6. The logistics data analysis method according to claim 1, characterized in that, The method further includes: Construct a logistics industry indicator system that meets preset requirements, including: timeliness achievement rate, misclassification, loss and damage indicators; The association rules between various indicators in a logistics industry indicator system that meets preset requirements are analyzed by using a multi-indicator association deep learning model; wherein, the multi-indicator association deep learning model uses an LSTM network to process time series data of multiple indicators and learn the temporal association rules between indicators. Based on the intent index, a heatmap of the correlation between the indices associated with the intent index is generated according to the correlation rules between the indices obtained from the analysis. Based on the correlation heatmap, trend prediction of correlation indicators is performed to identify potential risks.
7. The logistics data analysis method according to claim 1, characterized in that, The method further includes: Anomaly detection and attribution analysis are performed on the matched logistics data using anomaly detection and root cause analysis models. The anomaly detection and root cause analysis model includes: identifying abnormal data points using the isolated forest algorithm based on matched logistics data; and then mining root causes using the decision tree root cause analysis algorithm combined with association rules and / or knowledge graphs.

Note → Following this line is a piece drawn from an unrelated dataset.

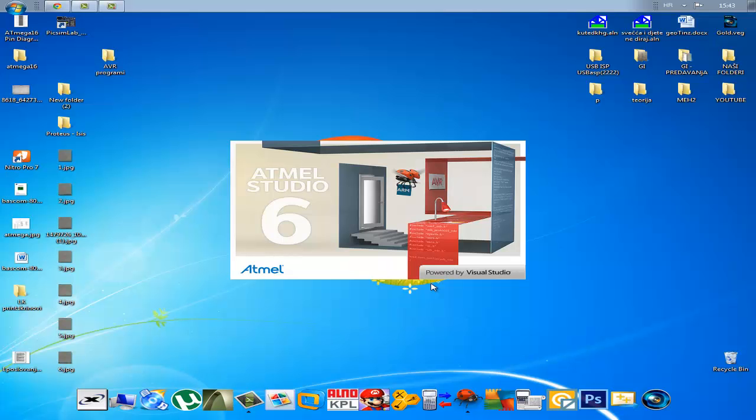I now need to wait for my program to open.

8. A logistics data analysis device, characterized in that, include: The basic data permission scope acquisition module is used to determine the corresponding basic data permission scope based on user role information; The optimal permission range determination module is used to obtain user preference features based on users' historical query behavior, and dynamically calculate the optimal permission range within the basic data permission range based on user preference features, business roles, and query intent through a dynamic permission recommendation model. The query time range optimization module is used to obtain the query date range input by the user, and optimize the query date range input by the user using a time window optimization model based on the current query intent to obtain the optimized query time range; The logistics data acquisition module is used to match the corresponding logistics data based on the optimal permission range and the optimized query time range. The intent index calculation module is used to calculate intent indexes based on logistics data and the current query intent.
9. An electronic device comprising a memory and at least one processor, wherein the memory stores instructions; The at least one processor invokes the instructions in the memory to cause the electronic device to perform the various steps of the logistics data analysis method as described in any one of claims 1-7.
10. A computer-readable storage medium storing instructions thereon, characterized in that, When the instructions are executed by the processor, they implement the various steps of the logistics data analysis method as described in any one of claims 1-7.